Procuradora regional eleitoral do Rio de Janeiro e professora da FGV Direito Rio, Silvana diz que há risco de os prefeitos abusarem das brechas criadas em decorrência da pandemia. Como exemplo, cita o eventual uso político da propaganda institucional para a promoção da campanha de reeleição ou da candidatura de um aliado.

“Quem está no poder tem sempre uma vantagem. Em uma situação de calamidade, de emergência, em que há várias exceções, que em condições normais a lei impediria de fazer, isso traz benefício para quem está no poder”, afirma Silvana. “Fazer o uso promocional de campanhas de assistência neste momento crítico sempre será em benefício de quem está no poder. Isso é uma constante”, analisa a professora. Silvana diz que a Justiça Eleitoral terá um grande desafio para acompanhar e evitar eventuais abusos antes das eleições. “Se o controle for feito a posteriori, o mal poderá estar feito.”

Para a procuradora regional da República, a mudança na data da eleição foi uma decisão correta, porque a pandemia afeta não só o dia da votação mas também toda a campanha. “Tem gente que pensa que até outubro estará tudo bem, mas a propaganda eleitoral começa em agosto e provavelmente a situação não estará normalizada”, diz. “Essa mudança era esperada, mas isso não acontece sem traumas. Vai gerar a necessidade de adaptação a todos os envolvidos nas eleições.”
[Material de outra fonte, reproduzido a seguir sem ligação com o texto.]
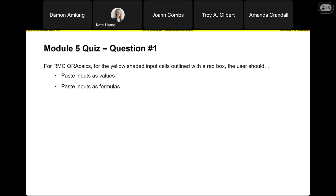Welcome everyone. This will be our second to last live Q&A. We're getting close to the home stretch and wrapping things up. I know it's been a long haul, so I appreciate everybody sticking with us. This is going to be for Module 6. Like we've done in the past, we'll start with the Module 5 quiz and then dive right into total risk.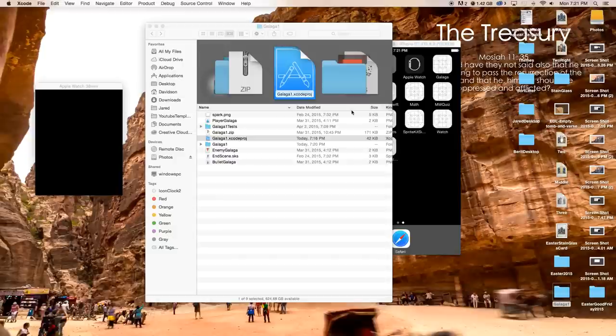It took me about all day to make this tutorial. Hey everybody, welcome to Part 3 of how to make your own space shooter game with Swift in Xcode. This time we're going to be dealing with saving high scores and scores, so let's go ahead and get started.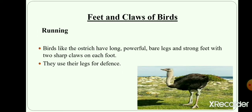Running birds. Birds like the ostrich have long, powerful bare legs and strong feet with two sharp claws on each foot. They use their legs for defense. Their legs are very strong and are adapted to run fast. The ostrich is the only two-toed bird.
Um dos riscos apontados pela procuradora é o aumento da contestação das ações dos prefeitos. “Vamos ter uma judicialização muito grande em relação aos atuais gestores, que poderão ter condutas que em tempos normais são vedadas”, afirma. As crises econômica e social, agravadas pela pandemia, têm pressionado o poder público a ter uma atuação maior para atender a população, e o Judiciário terá de ter um “olhar mais tolerante”, diz Silvana.